*** INFORMATION SUPPLIED Section Begins ***

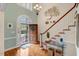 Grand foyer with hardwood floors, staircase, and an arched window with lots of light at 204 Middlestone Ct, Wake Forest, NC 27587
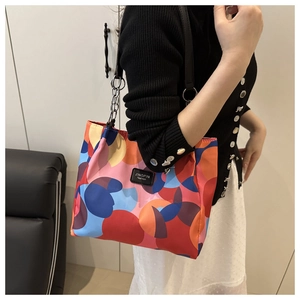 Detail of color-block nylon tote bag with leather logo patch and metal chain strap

*** INFORMATION SUPPLIED Section Ends ***
*** INFORMATION SUPPLIED Section Begins ***

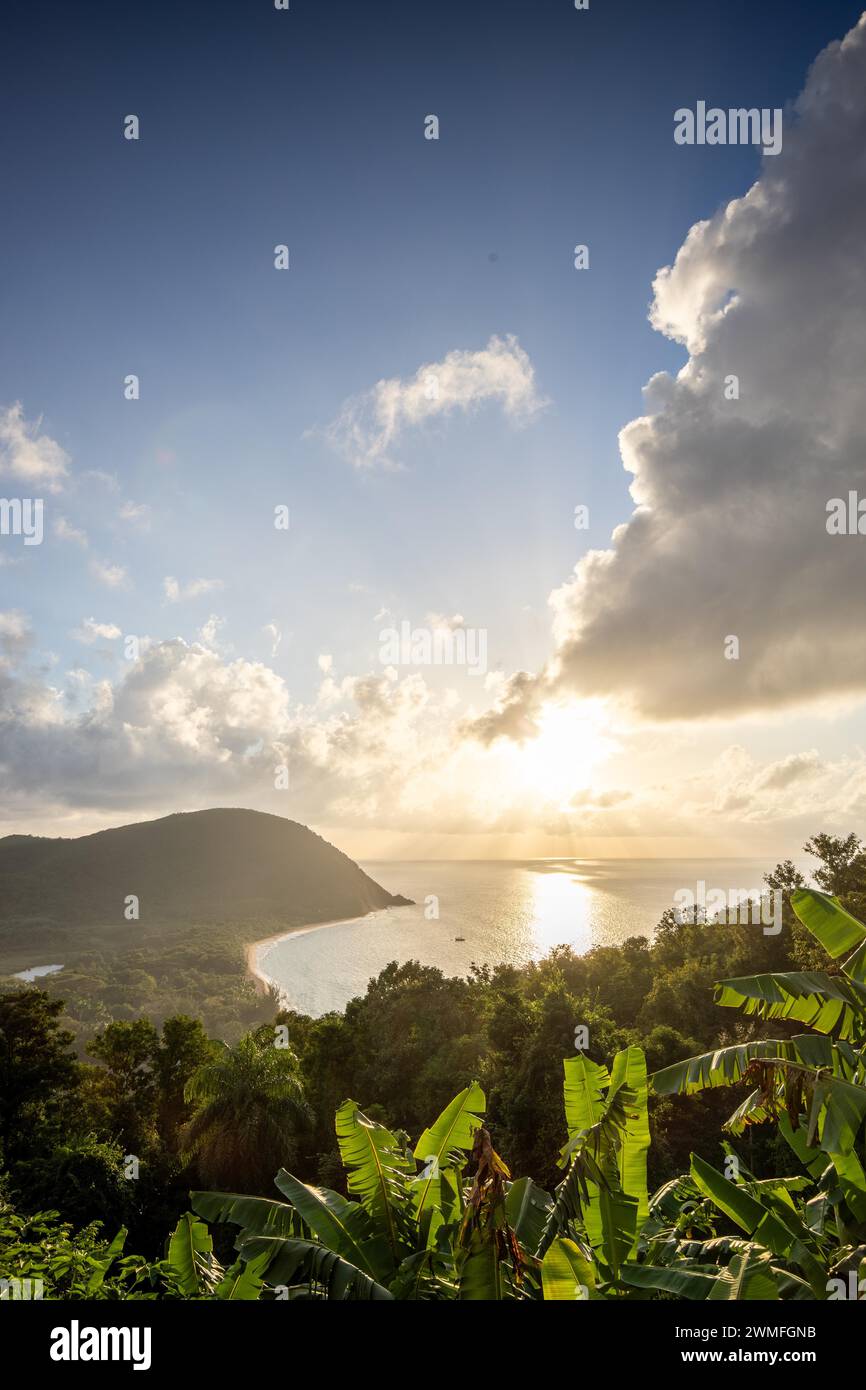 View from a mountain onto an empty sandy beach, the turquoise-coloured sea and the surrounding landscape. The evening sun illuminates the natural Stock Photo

*** INFORMATION SUPPLIED Section Ends ***

AIM OF THE TASK - Copy the lines above exactly, starting at the one with "Grand foyer with" and ending at the one with "Detail of color-block", both included. Leave out any pictures and add nothing else.

RESULT -
 Grand foyer with hardwood floors, staircase, and an arched window with lots of light at 204 Middlestone Ct, Wake Forest, NC 27587
 Detail of color-block nylon tote bag with leather logo patch and metal chain strap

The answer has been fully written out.